Pictures with short captions
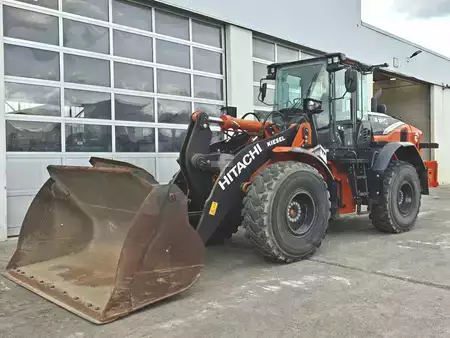 Pyöräkuormaajat 2023 Hitachi ZW180-7 (2)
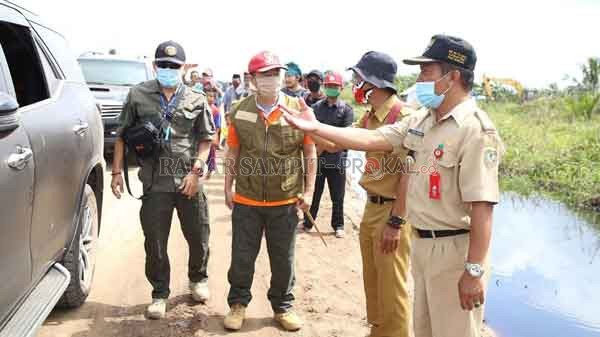 Bupati Seruyan Yulhaidir saat mengunjungi kawasan banjir beberapa waktu lalu. Ia menegaskan agar seluruh instansi memeksimalkan koordinasi untuk penanganan banjir.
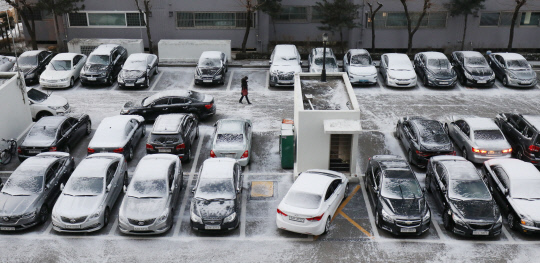 강추위와 함께 눈이 내린 30일 오전 대전 서구 한 아파트 주차장에 눈덮힌 차량들이 세워져 있다. 신호철 기자
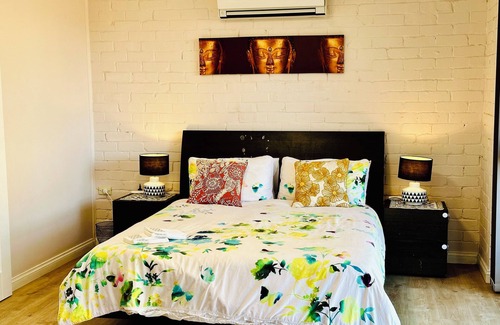 Turramurra Apartment | Studio in Turramurra,quiet & leafy.Walk to rail,public transportation and shops.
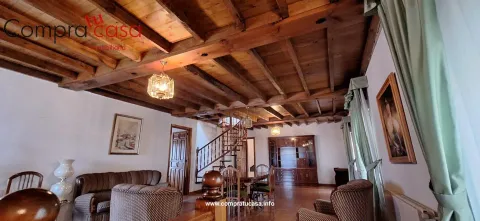 Casa de 561 m² en Espirdo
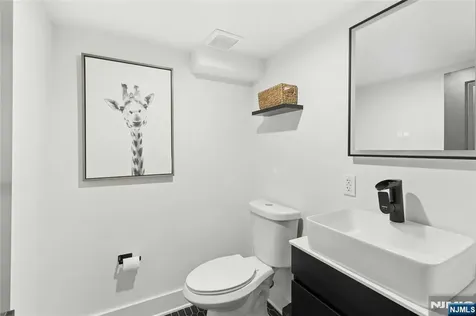 37 Seaman Road West Orange NJ 07052
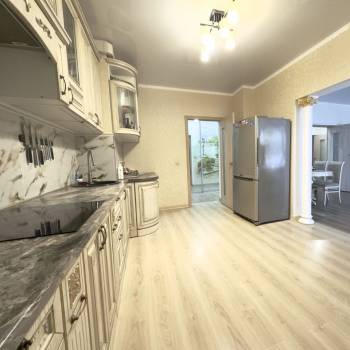 Продается 3-х комнатная квартира, 102 м²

About this exercise =
Every entry above should be restated word for word, with the images left out.

Answer space =
 Pyöräkuormaajat 2023 Hitachi ZW180-7 (2)
 Bupati Seruyan Yulhaidir saat mengunjungi kawasan banjir beberapa waktu lalu. Ia menegaskan agar seluruh instansi memeksimalkan koordinasi untuk penanganan banjir.
 강추위와 함께 눈이 내린 30일 오전 대전 서구 한 아파트 주차장에 눈덮힌 차량들이 세워져 있다. 신호철 기자
 Turramurra Apartment | Studio in Turramurra,quiet & leafy.Walk to rail,public transportation and shops.
 Casa de 561 m² en Espirdo
 37 Seaman Road West Orange NJ 07052
 Продается 3-х комнатная квартира, 102 м²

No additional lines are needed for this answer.